**Exercise objective:** Would you transcribe each entry exactly as it stands, omitting the pictures?

::::::::::

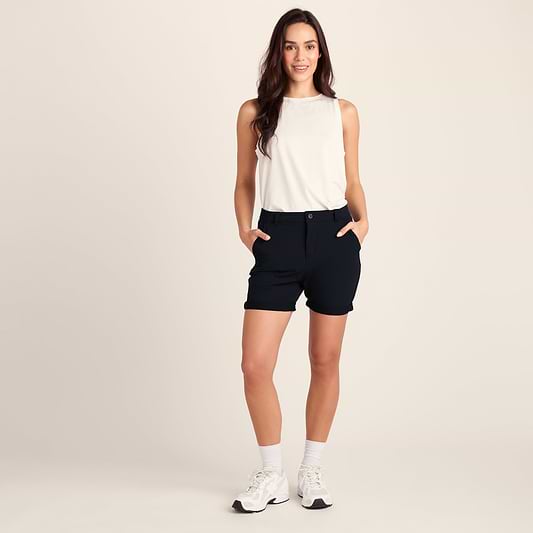 Path Womens Performance Shorts - Black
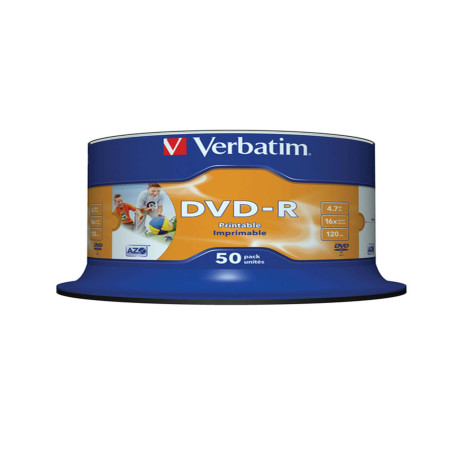 Verbatim - Scatola 50 DVD-R - stampabile - 43533 - 4,7GB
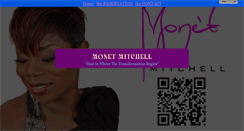 Desktop Screenshot of monetmitchellhair.com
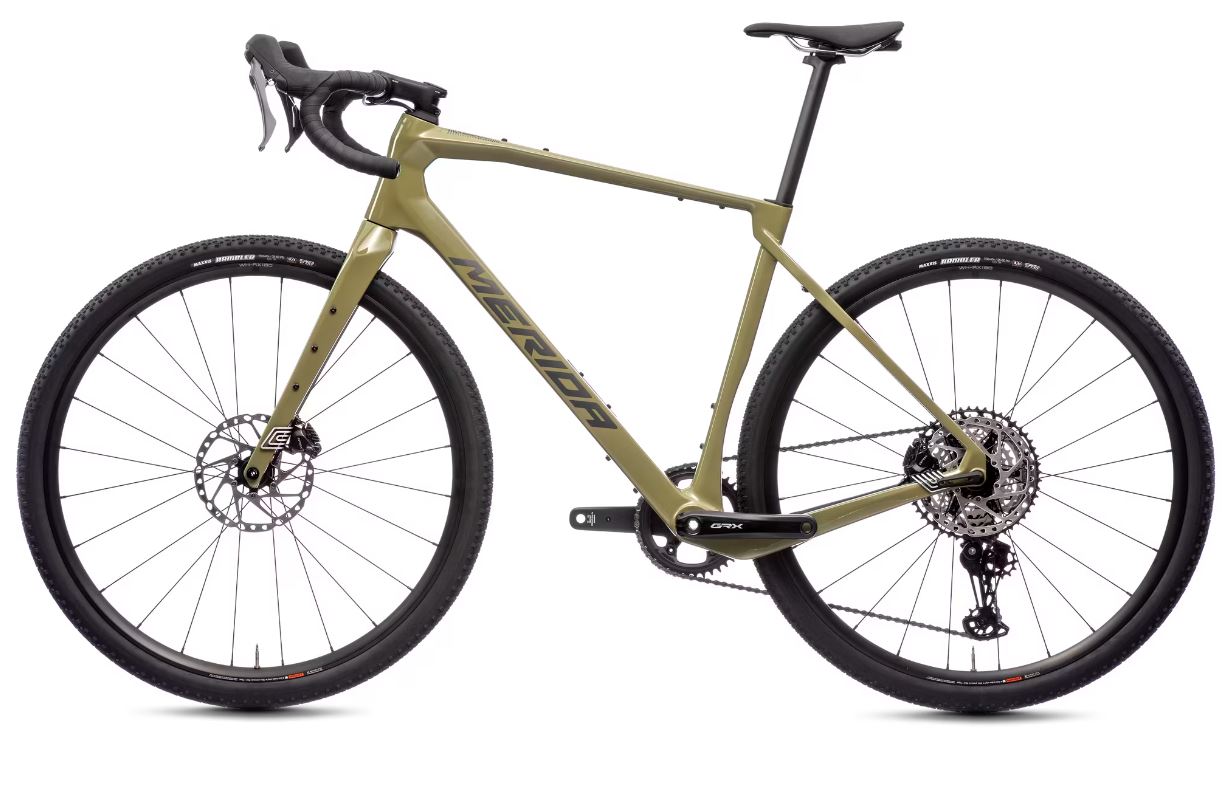 Merida Silex 7000 Gravel Bike - Low Key Green (Gunmetal Grey)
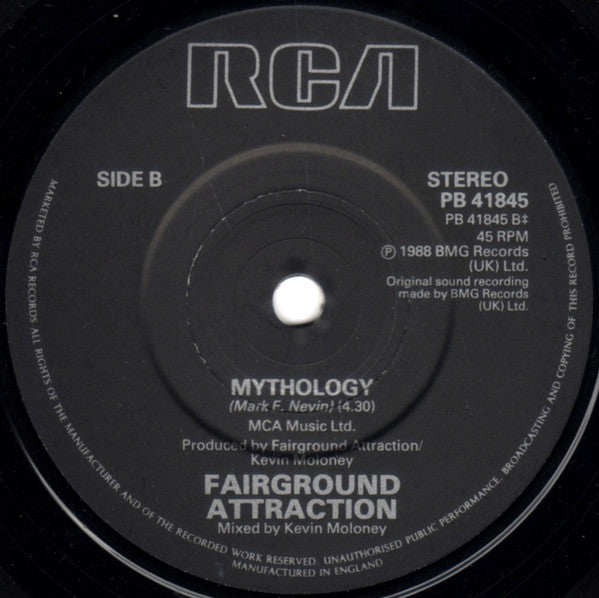Fairground Attractio - Perfect - Used Vinyl Record 7" image 4
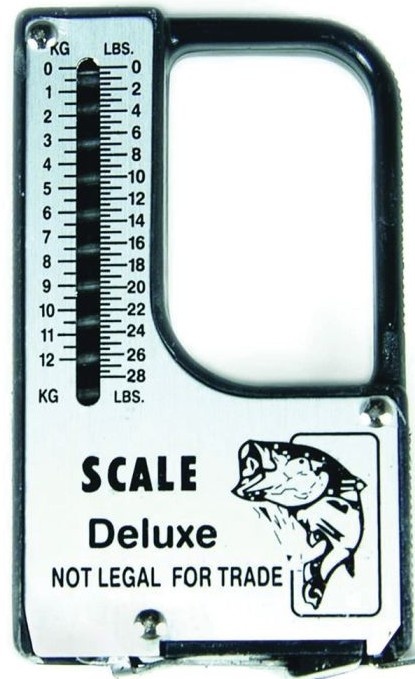 Balanza De Pesca Portátil 12,7 Kg Con Cinta Métrica 96,5 Cm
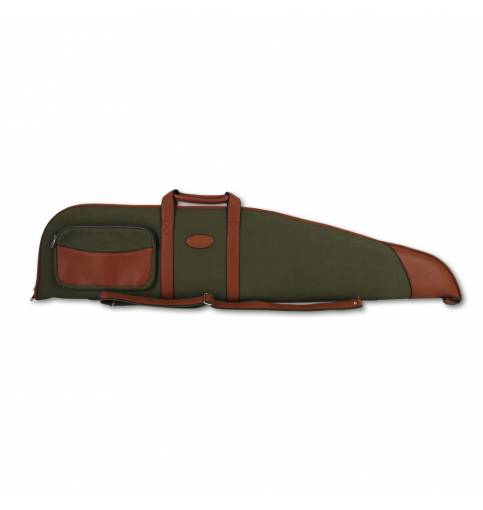 Maremmano Green Canvas And Leather Scoped Rifle Slip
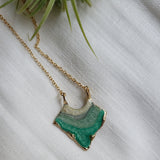 SALE- Reticulated Necklace- Emerald/Mint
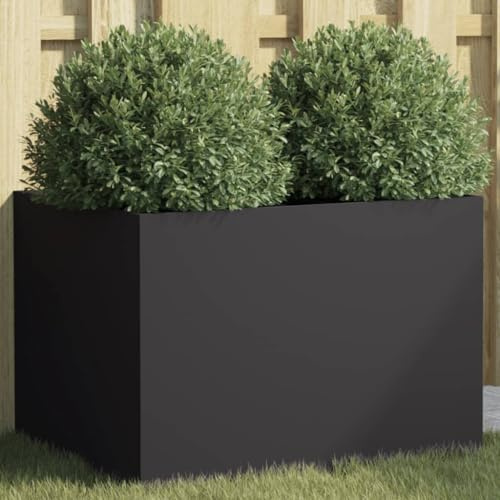 vidaXL Jardinera Acero Negro 62x47x46 cm
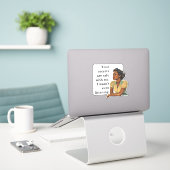 Sticker Secrets en sécurité avec moi Sarcastique Retro fem (Ordinateur portable sur le bureau)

::::::::::

**Written response:**
 Path Womens Performance Shorts - Black
 Verbatim - Scatola 50 DVD-R - stampabile - 43533 - 4,7GB
 Desktop Screenshot of monetmitchellhair.com
 Merida Silex 7000 Gravel Bike - Low Key Green (Gunmetal Grey)
Fairground Attractio - Perfect - Used Vinyl Record 7" image 4
 Balanza De Pesca Portátil 12,7 Kg Con Cinta Métrica 96,5 Cm
 Maremmano Green Canvas And Leather Scoped Rifle Slip
 SALE- Reticulated Necklace- Emerald/Mint
 vidaXL Jardinera Acero Negro 62x47x46 cm
 Sticker Secrets en sécurité avec moi Sarcastique Retro fem (Ordinateur portable sur le bureau)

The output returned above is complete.